[Data provided]
*** Block opens ***

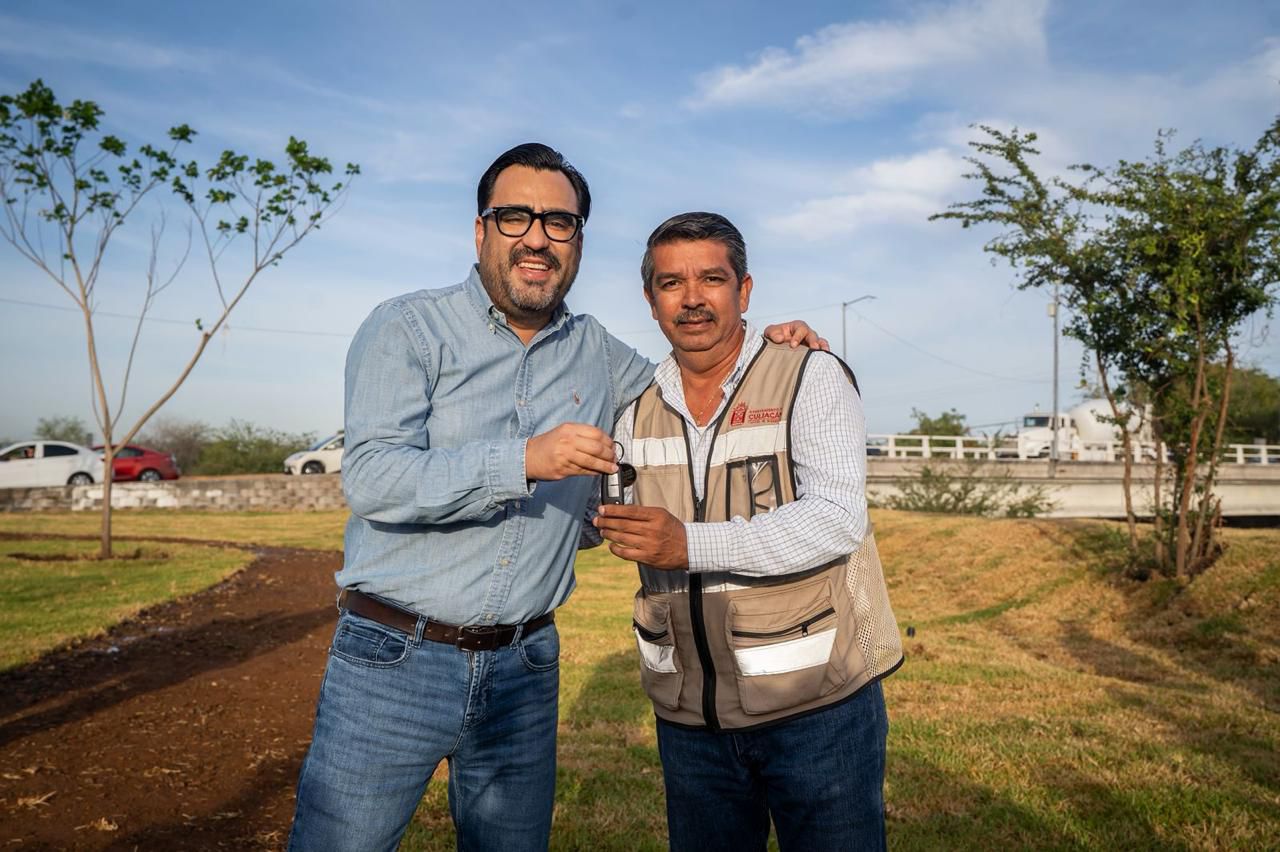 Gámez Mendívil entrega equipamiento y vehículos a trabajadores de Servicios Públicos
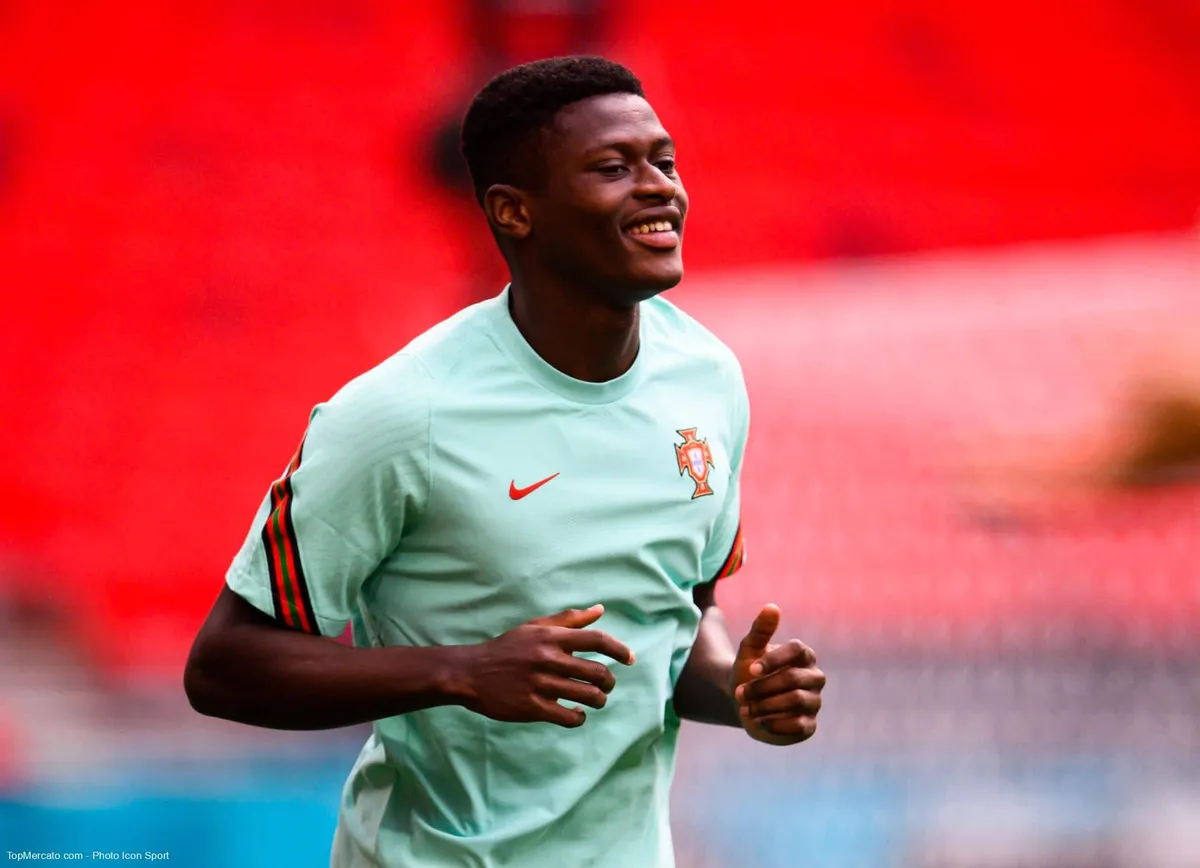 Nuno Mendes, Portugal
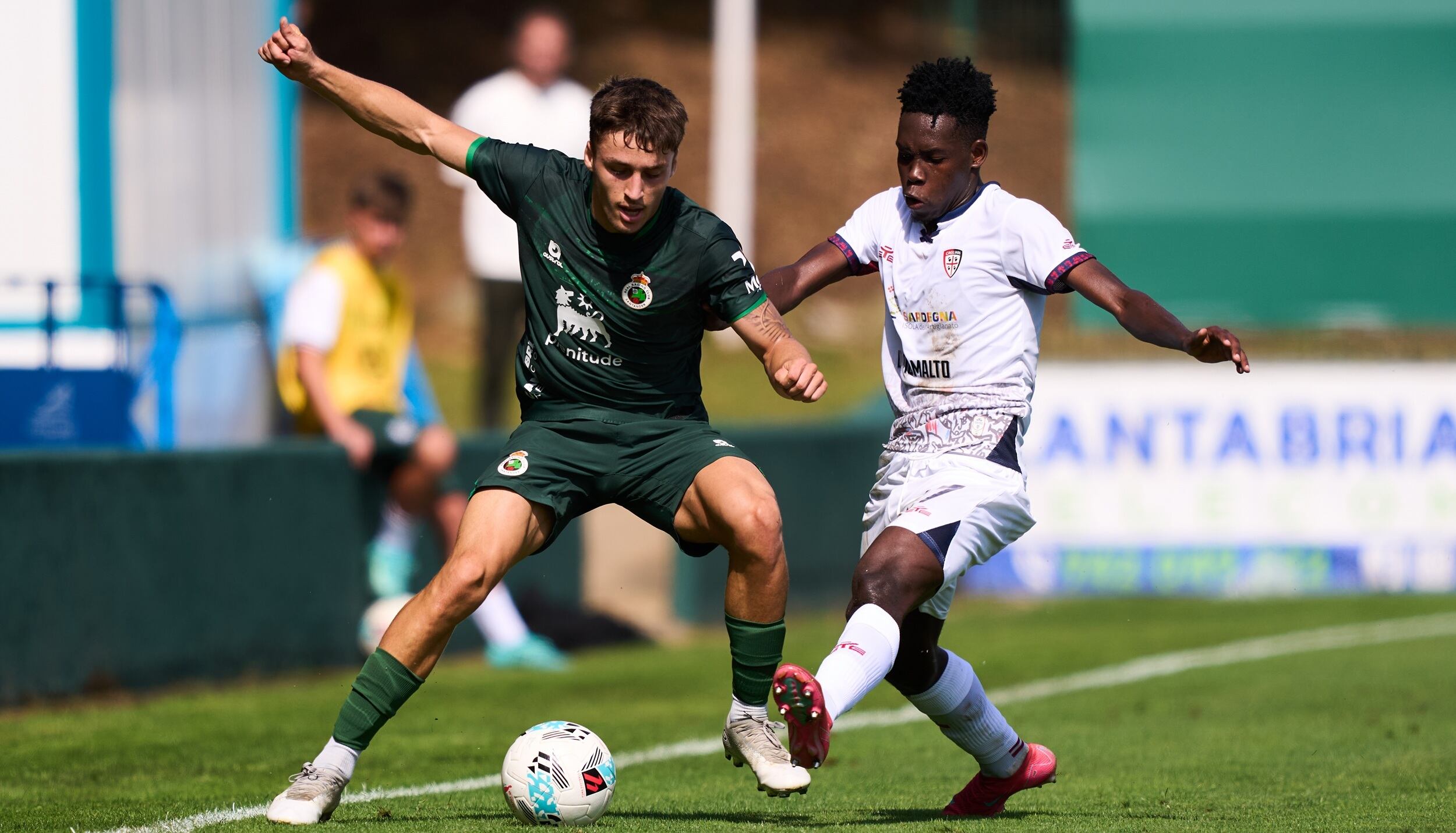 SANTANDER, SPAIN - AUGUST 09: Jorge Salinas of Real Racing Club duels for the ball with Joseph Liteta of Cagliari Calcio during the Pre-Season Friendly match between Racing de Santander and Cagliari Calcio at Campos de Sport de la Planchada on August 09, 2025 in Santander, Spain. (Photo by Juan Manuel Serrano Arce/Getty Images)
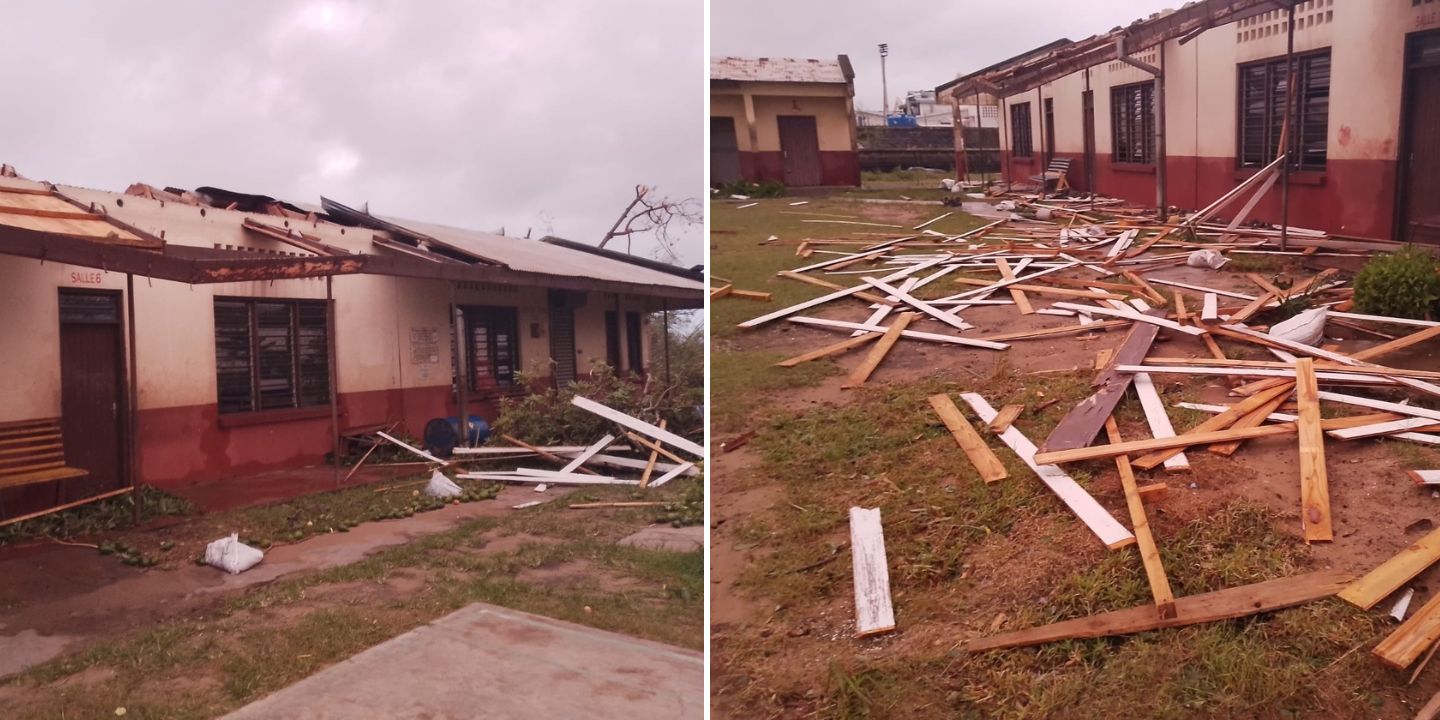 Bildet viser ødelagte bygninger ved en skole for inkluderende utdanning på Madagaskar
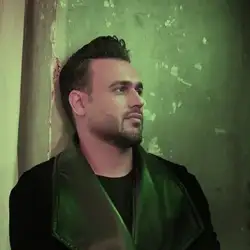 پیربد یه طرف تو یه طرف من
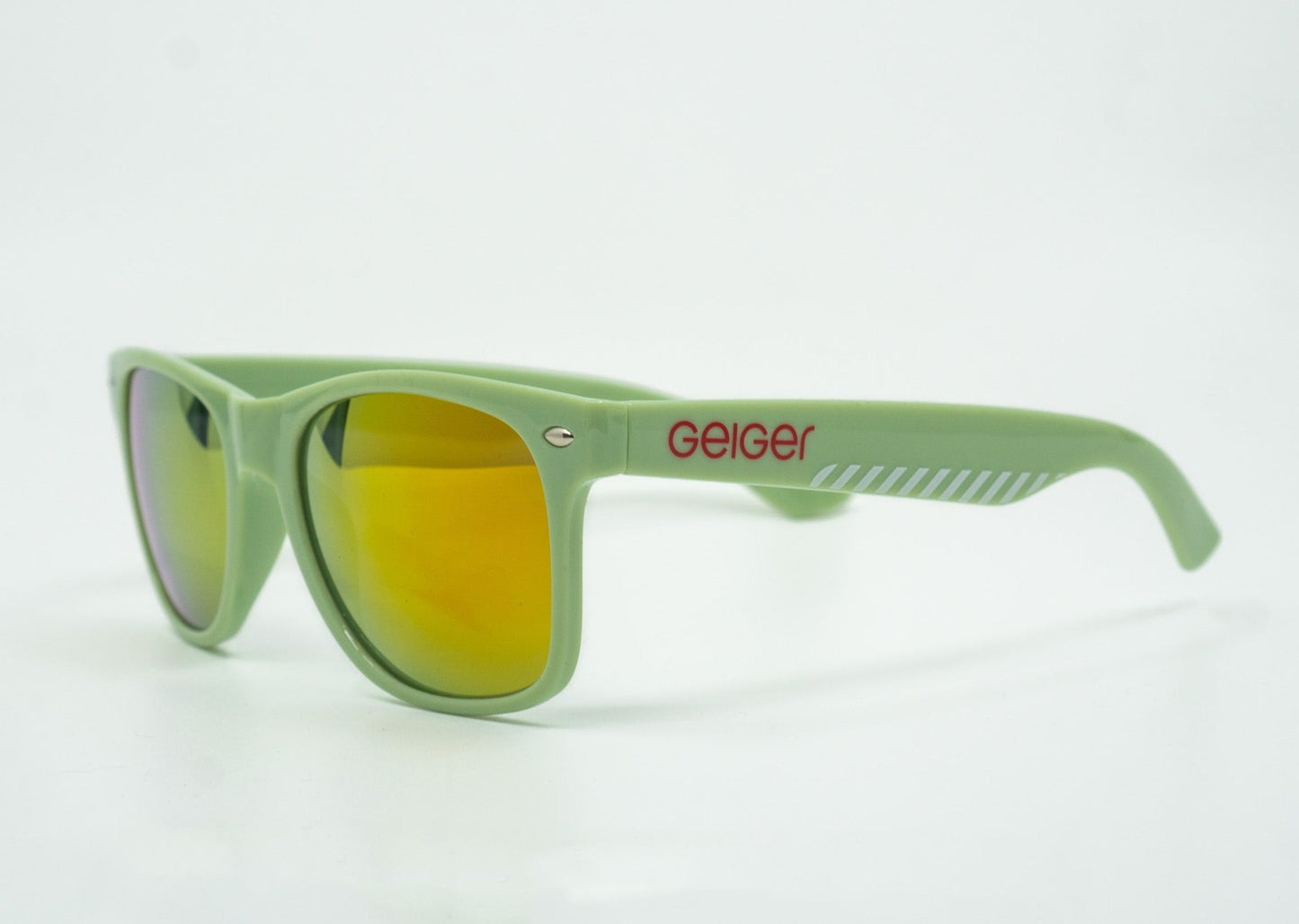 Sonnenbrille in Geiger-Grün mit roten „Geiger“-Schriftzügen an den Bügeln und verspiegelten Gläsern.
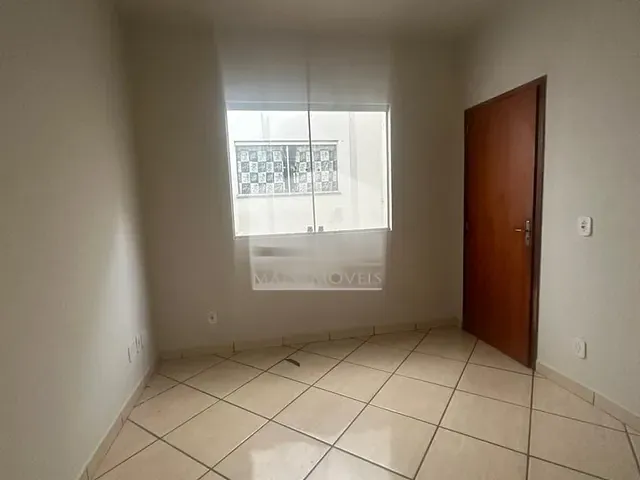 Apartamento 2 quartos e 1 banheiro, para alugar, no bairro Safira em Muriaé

*** Block closes ***

[Instructions to follow]
Every record, from top to bottom, gets written out exactly; no picture goes into the copy.

[Output of the task]
 Gámez Mendívil entrega equipamiento y vehículos a trabajadores de Servicios Públicos
 Nuno Mendes, Portugal
 SANTANDER, SPAIN - AUGUST 09: Jorge Salinas of Real Racing Club duels for the ball with Joseph Liteta of Cagliari Calcio during the Pre-Season Friendly match between Racing de Santander and Cagliari Calcio at Campos de Sport de la Planchada on August 09, 2025 in Santander, Spain. (Photo by Juan Manuel Serrano Arce/Getty Images)
 Bildet viser ødelagte bygninger ved en skole for inkluderende utdanning på Madagaskar
 پیربد یه طرف تو یه طرف من
 Sonnenbrille in Geiger-Grün mit roten „Geiger“-Schriftzügen an den Bügeln und verspiegelten Gläsern.
 Apartamento 2 quartos e 1 banheiro, para alugar, no bairro Safira em Muriaé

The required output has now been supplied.